The centerline from the SMA into the middle colic artery shows a meandering but patent path via the Arc of Riolan to the left colic artery to the inferior mesenteric artery. In my experience this is straightforward to access selectively from the femoral approach, but it illustrates for the trainees the concept of building up access which I refer to as building the intervention machine.
The first step in the access involves getting stable footing in the SMA. Selective access can be performed with a shaped catheter, and once accessed, a Rosen wire is used to track in a curved long sheath. Parking this sheath in the proximal SMA forms the foundation of this machine. The next step is access into the middle colic artery.
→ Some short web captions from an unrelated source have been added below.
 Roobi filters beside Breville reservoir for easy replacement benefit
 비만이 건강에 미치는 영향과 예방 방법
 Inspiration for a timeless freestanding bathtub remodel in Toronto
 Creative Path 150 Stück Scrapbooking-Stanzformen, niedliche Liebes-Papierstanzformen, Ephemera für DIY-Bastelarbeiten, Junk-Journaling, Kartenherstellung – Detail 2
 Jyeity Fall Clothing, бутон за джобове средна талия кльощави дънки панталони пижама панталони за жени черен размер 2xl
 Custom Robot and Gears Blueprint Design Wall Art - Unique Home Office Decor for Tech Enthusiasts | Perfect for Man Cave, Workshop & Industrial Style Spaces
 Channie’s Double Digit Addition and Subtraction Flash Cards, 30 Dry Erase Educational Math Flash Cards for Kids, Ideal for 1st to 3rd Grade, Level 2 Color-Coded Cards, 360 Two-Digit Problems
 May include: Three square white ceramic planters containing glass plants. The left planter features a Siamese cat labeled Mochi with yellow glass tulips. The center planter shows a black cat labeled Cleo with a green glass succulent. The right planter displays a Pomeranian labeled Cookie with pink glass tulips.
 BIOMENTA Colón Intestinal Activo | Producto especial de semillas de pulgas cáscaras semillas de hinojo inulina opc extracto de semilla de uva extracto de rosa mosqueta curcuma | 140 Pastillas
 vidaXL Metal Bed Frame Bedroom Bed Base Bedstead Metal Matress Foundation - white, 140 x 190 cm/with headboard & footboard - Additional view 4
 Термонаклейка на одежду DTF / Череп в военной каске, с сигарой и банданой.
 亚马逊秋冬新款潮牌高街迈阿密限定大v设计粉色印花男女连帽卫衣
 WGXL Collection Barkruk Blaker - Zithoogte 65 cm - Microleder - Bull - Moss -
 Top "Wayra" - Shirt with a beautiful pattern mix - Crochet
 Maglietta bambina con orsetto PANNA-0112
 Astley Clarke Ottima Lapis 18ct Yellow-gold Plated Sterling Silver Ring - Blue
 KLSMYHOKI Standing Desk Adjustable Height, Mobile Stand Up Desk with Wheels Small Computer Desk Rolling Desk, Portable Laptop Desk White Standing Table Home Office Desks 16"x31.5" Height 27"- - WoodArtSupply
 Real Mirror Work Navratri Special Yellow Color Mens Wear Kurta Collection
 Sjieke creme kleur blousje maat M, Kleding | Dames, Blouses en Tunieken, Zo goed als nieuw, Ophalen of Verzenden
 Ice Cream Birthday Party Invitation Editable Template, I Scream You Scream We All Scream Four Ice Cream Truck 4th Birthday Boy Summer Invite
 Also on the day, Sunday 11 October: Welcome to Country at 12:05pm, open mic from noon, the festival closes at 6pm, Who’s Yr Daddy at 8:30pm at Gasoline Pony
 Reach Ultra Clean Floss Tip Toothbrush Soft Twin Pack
The CTA is particularly helpful in identifying the middle colic on the 3DVR projection. Selection of this is straightforward with a an angle catheter which I place a Tuohy Borst connector. This is the second stage of the machine, because further access with 0.35guage wires and catheters could result in spasm. This second sheath access (the Tuohy turns the catheter into a sheath) of the middle colic allows for selective 0.18 gauge catheters and wires to make the final step to the IMA and the AAA.
The embolization with NBCA sealed the IMA and the cavity in the AAA sac. This was checked with intraoperative duplex, done with a transabdominal aortic probe.
Transabdominal aortic duplex is easier on sleeping patient and potentially gives more information than arteriography alone. The patient in followup had no endoleak and demonstrated sac shrinkage.
The access machine concept is important for planning interventions. Every major branch or turn needs to be crossed by your ultimate access sheath, if you want to avoid having to arduously reaccess those points, and building up a telescoping layer of sheaths is very handy. Every interventional case is done at some distance away from the access point on the skin, and so some though has to be given to how you will build that machine.
With this example, I have shown that you can readily access the AAA sac from the SMA. An earlier article showed iliofemoral access via the hypogastric artery (link). I will give in an upcoming post how this can be done laparoscopically in under 20 minutes.